Auch bei der Telearbeit kann der Unfall eines Arbeitnehmers als Arbeitswegunfall anerkannt werden. Um ihn von einem Arbeitsunfall zu unterscheiden, muss geprüft werden, unter welchen Bedingungen sich der Unfall ereignet hat und ob die zurückgelegte Strecke mit der Erfüllung eines Auftrags im Namen des Arbeitgebers in Verbindung gebracht werden kann oder nicht. Auch hier kann der Tarifvertrag oder der Arbeitsvertrag des Arbeitnehmers nützliche Beurteilungsmerkmale enthalten, z. B. über die Organisation von Besprechungen vor Ort, ihre Häufigkeit oder die Reisen des Arbeitnehmers im Rahmen seiner beruflichen Tätigkeit. Solche Arbeitswegunfälle können sich z. B. auf dem Weg des Arbeitnehmers zum Co-Working-Raum (Telezentrum) oder zwischen dem Arbeitsplatz und dem Restaurant, der Kantine oder dem Ort, an dem er normalerweise seine Mahlzeiten einnimmt, ereignen.
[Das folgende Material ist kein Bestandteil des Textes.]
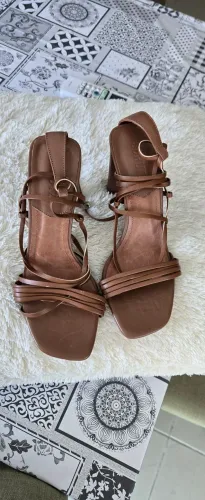 Sandália Schutz 37 /R$25,00 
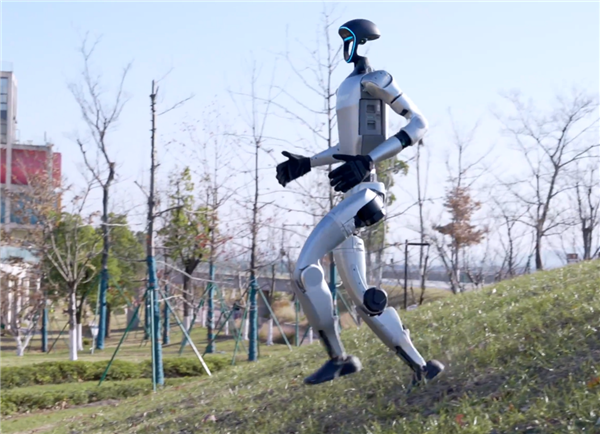 北京將辦全球首個(gè)人形機(jī)器人半程馬拉松：支持更換電池、手動(dòng)遙控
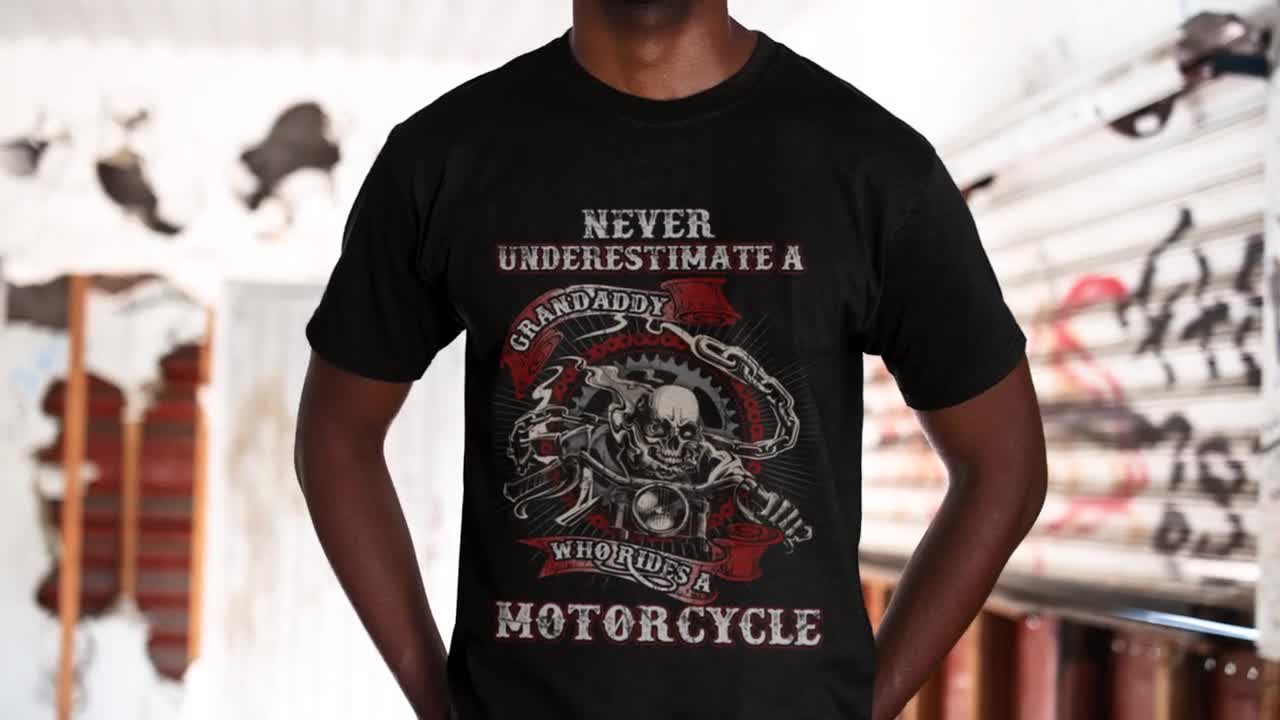 Grandpa Moto Tshirt Gift/Never Underestimate A Granddaddy Who Rides A  Motorcycle/Grandpa Motorcycle Tshirt/Biker Grandpa Gifts/Grandpa Shirt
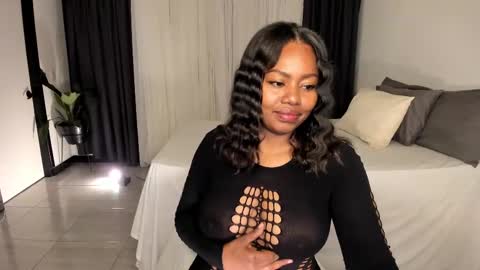 Snapshot of irismoon777 chatting on October 18, 10:05 am Rose online show from October 18, 10:05 am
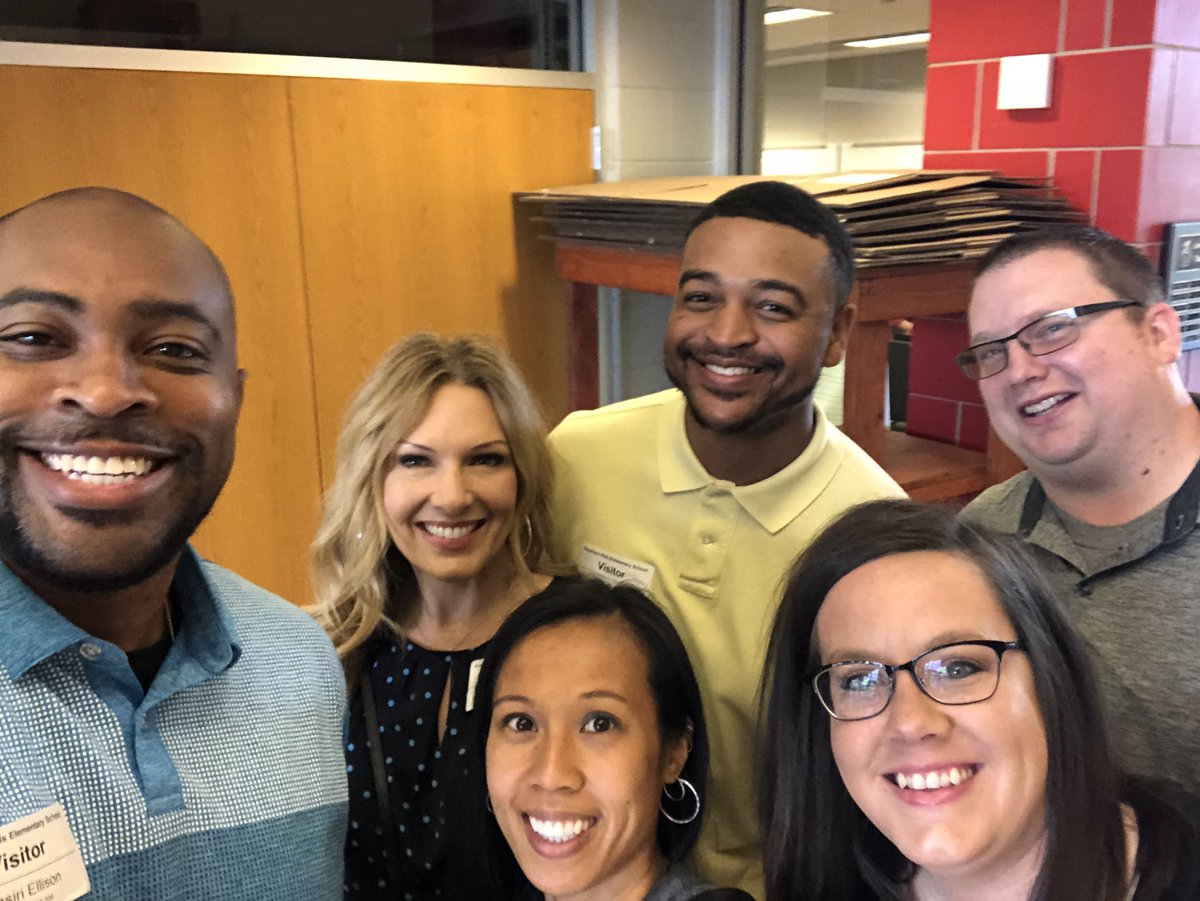 T0nyT0niT0ne's tweet image. Had an awesome time at Southern Hills Elementary School with my At&amp;amp;t Squad! #JuniorAchievement #MidStatesProud #D3rty$outh  #PowerCentral #TheU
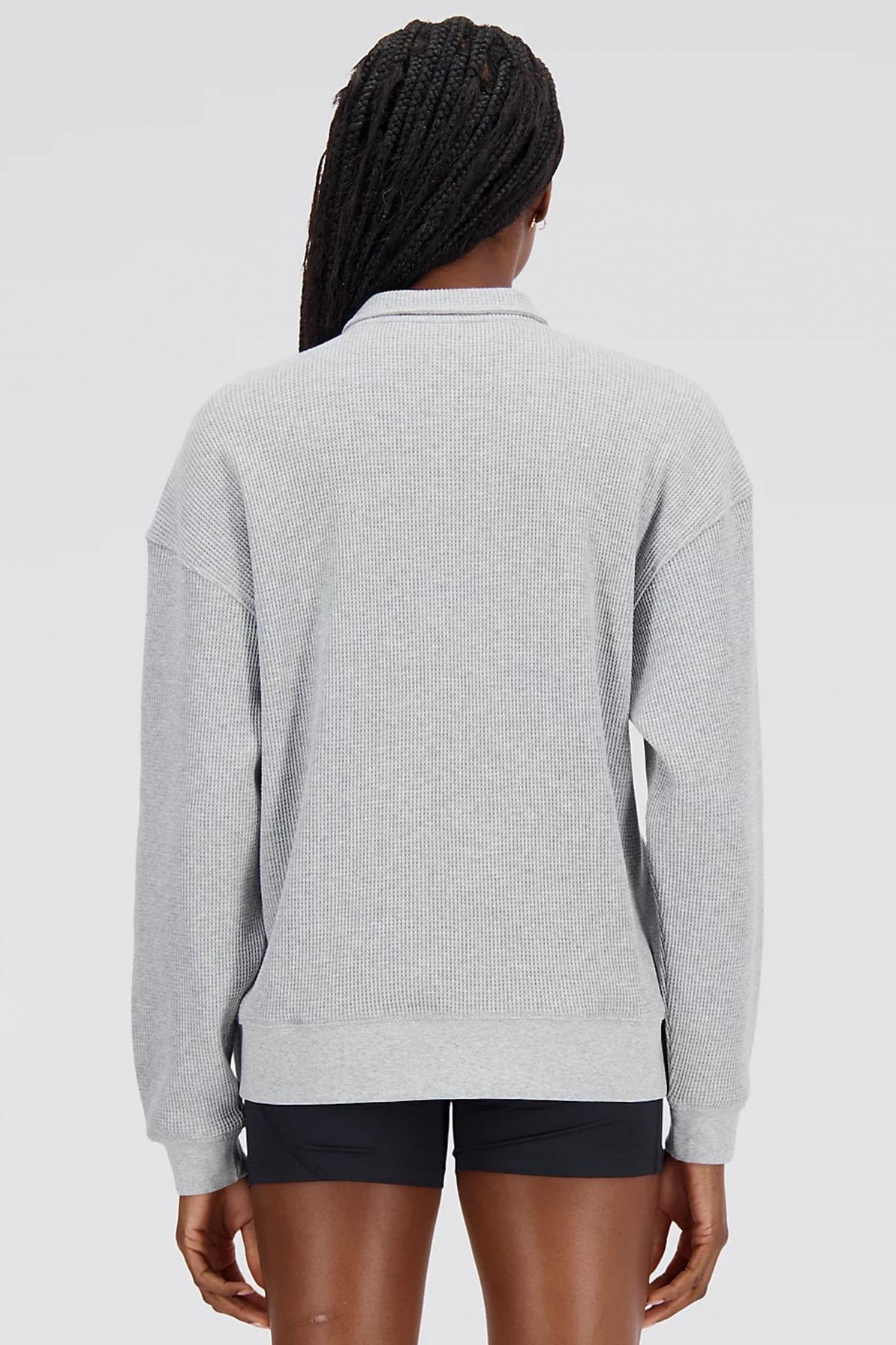 NEW BALANCE ATHLETICS COLLARED LONG SLEEVE SHIRT en color GRIS  (2)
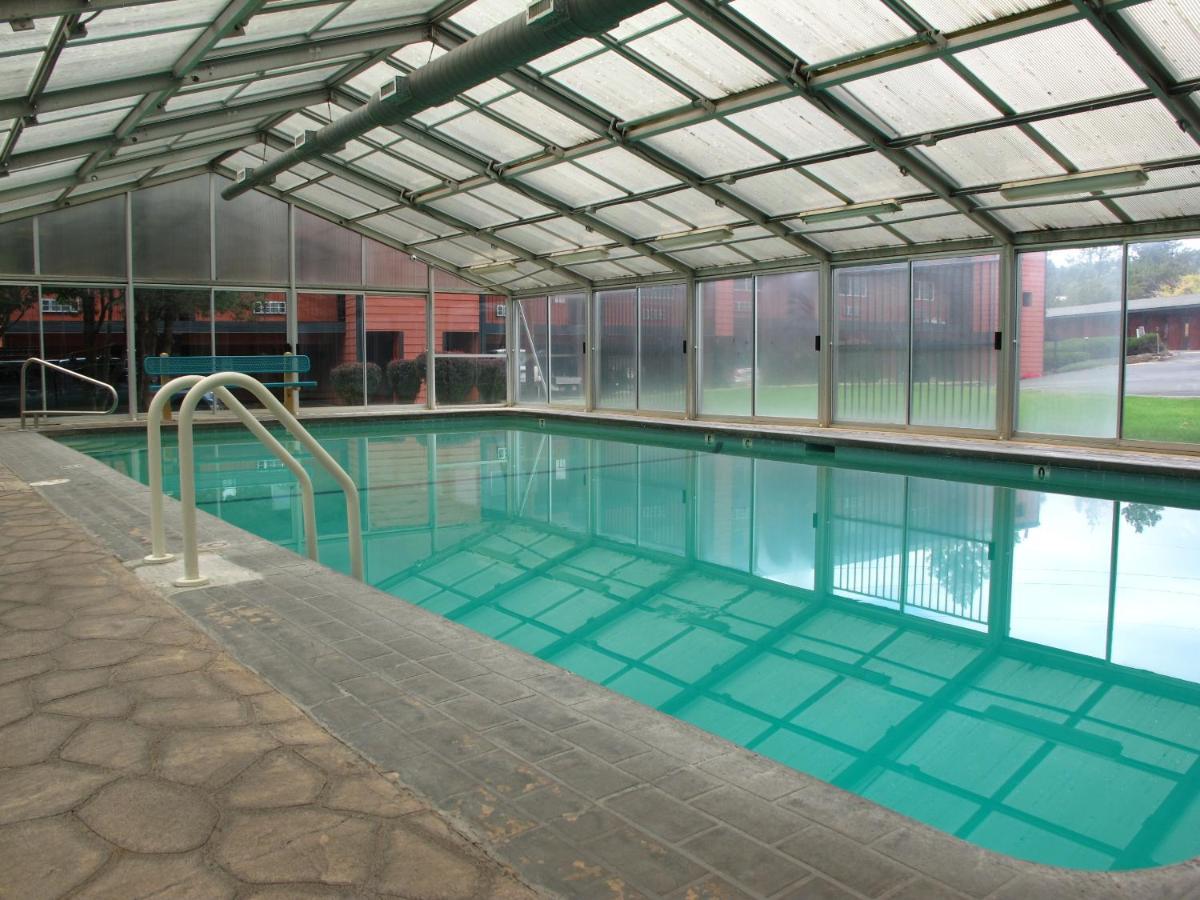 Bend Riverside Motel Suites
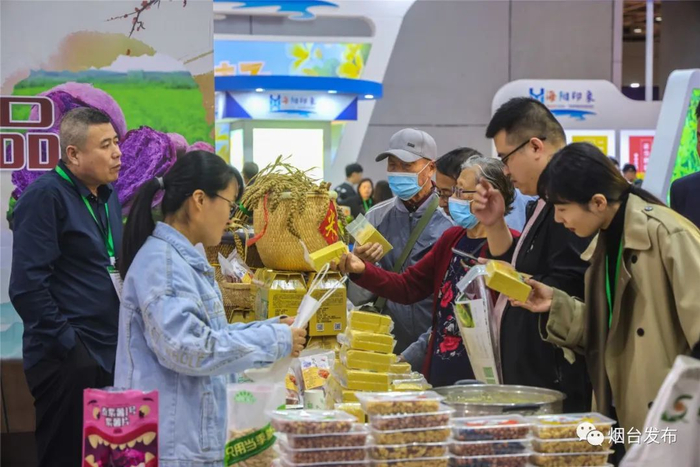 前来参观的游客正在挑选海阳小米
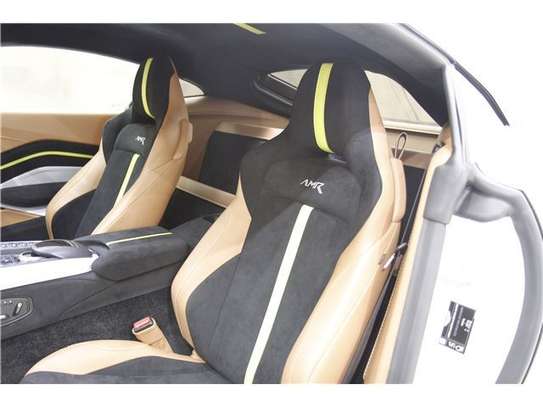 2022 ASTON MARTIN VANTAGE AMR HERO EDITION image 9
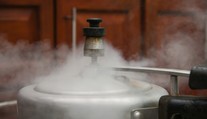 Dievča (†3) spadlo do vriaceho kotla s kari. Kuchár počas nešťastia počúval hudbu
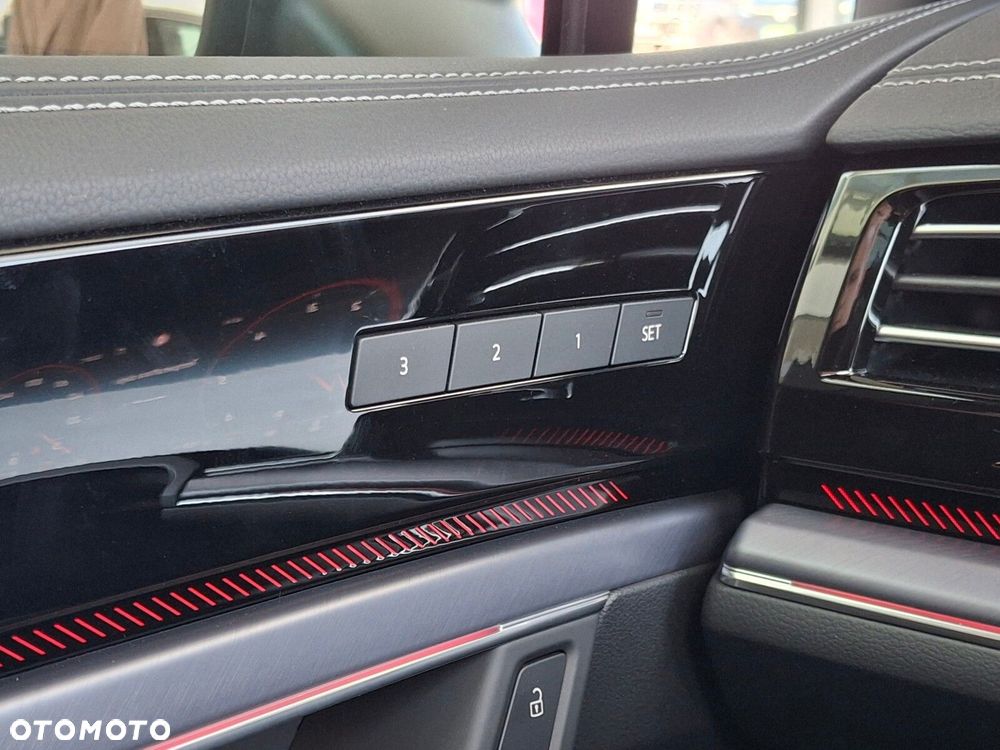 Volkswagen Touareg 3.0 V6 TDI 4Motion R-Line Final Edition - 38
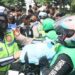 Jumat Peduli Polda Metro Jaya, 250 Paket Sembako Dibagikan kepada Pengemudi Ojol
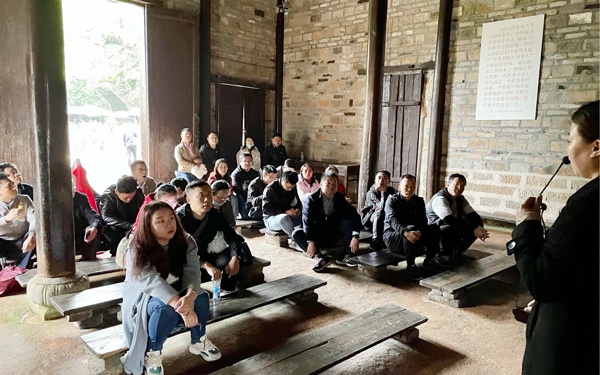 1618795414517998.jpg 南昌市政建設(shè)集團(tuán)組織黨員干部上井岡山開展黨史學(xué)習(xí)教育6007.jpg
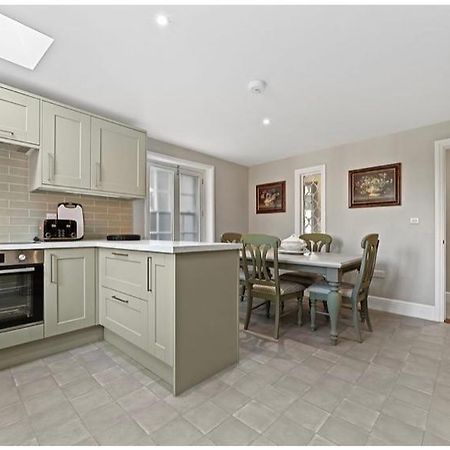 119 Northgate St - Delightful One Bedroom Apartment With Fantastic Living Space Bury St. Edmunds Exterior photo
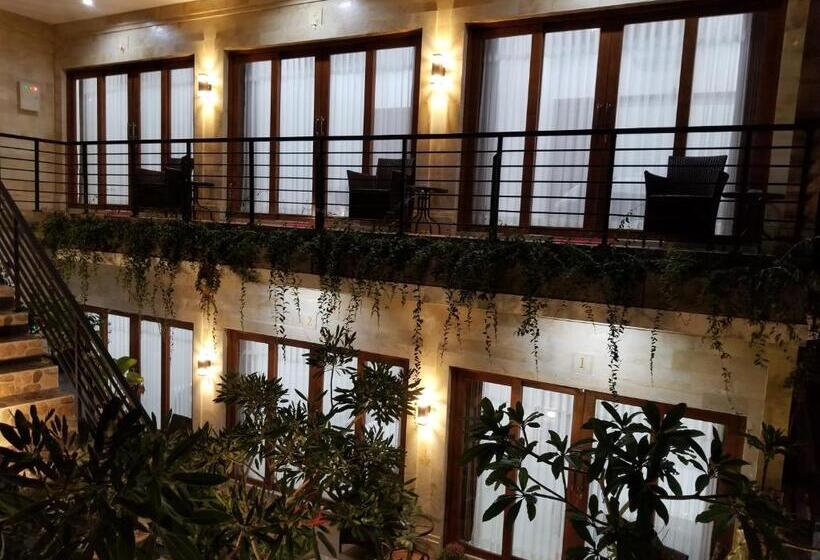 Номер Deluxe, Yuan Room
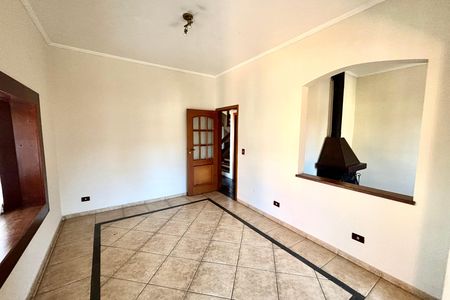 Casa para alugar com 275m², 5 quartos e 2 vagas Casa para alugar com 275m², 5 quartos e 2 vagasSala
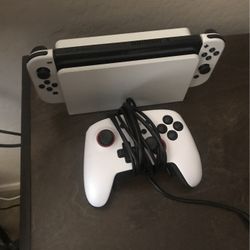Nintendo Switch Oled with pro controller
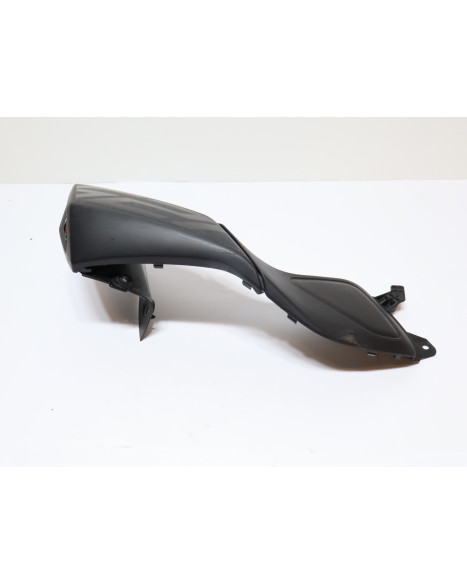 Yamaha MT-125, främre sidokåpa höger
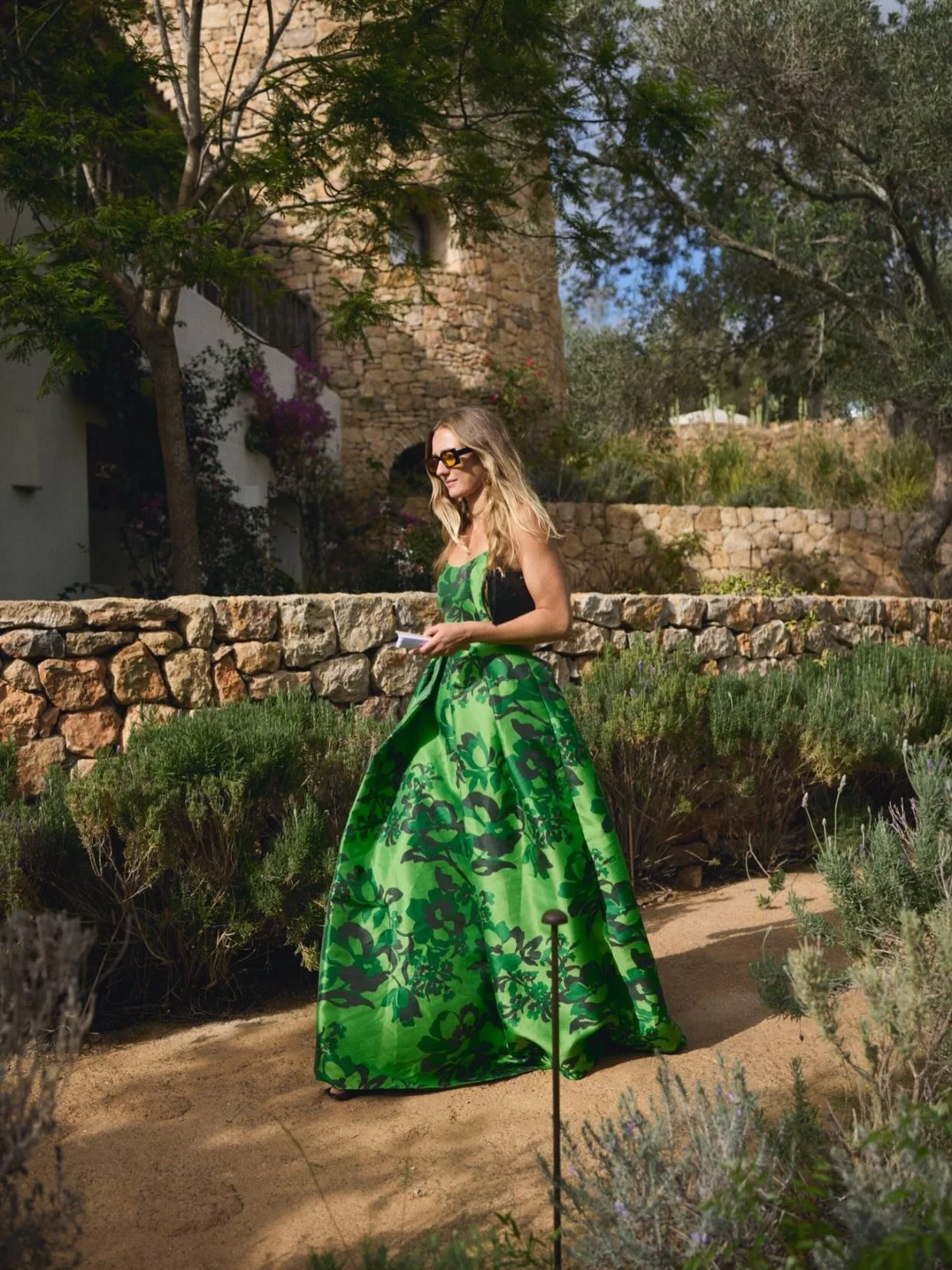When your wedding guests fly in from everywhere and show up looking like this ✌🏻

Rita &amp; Ismail&rsquo;s @fincadelicaibiza celebration proved what we&rsquo;ve always known &mdash; Ibiza brings out a different kind of style. Considered, confident,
In jedem Fall sieht das Gesetz keine Präventionsmaßnahmen vor. Arbeitgebern wird daher folgendes geraten:

  • Entwicklung einer Präventionskomponente für Arbeitnehmer, die im Telearbeitsverhältnis tätig sind;
  • Betreiben einer -auf Telearbeiter- zugeschnittene Politik zur Prävention von Berufsrisiken und dabei folgende Grundlagen übernehmen: Risikobewertung, Information und Schulung der Arbeitnehmer, angemessene organisatorische Maßnahmen und geeignete Mittel;
  • sich vergewissern, dass der Arbeitsplatz des Arbeitnehmers mit der Ausübung der ihm anvertrauten Tätigkeit im Rahmen der Telearbeit vereinbar ist, sei es die Arbeitsumgebung im weitesten Sinne oder die zur Verfügung gestellte Ausrüstung;
  • sich für Formen der Sensibilisierung entscheiden, die alle Modalitäten dieser Tätigkeit betreffen: Arbeitsumgebung, Ergonomie, Körperhaltungen, Gleichgewicht der Arbeitszeiten mit dem Privatleben, Durchbrechen der Isolation, usw.

 

Claire CHEVALIER, LL.M. Köln / Paris I

Avocat associé & Rechtsanwältin (Partnerin)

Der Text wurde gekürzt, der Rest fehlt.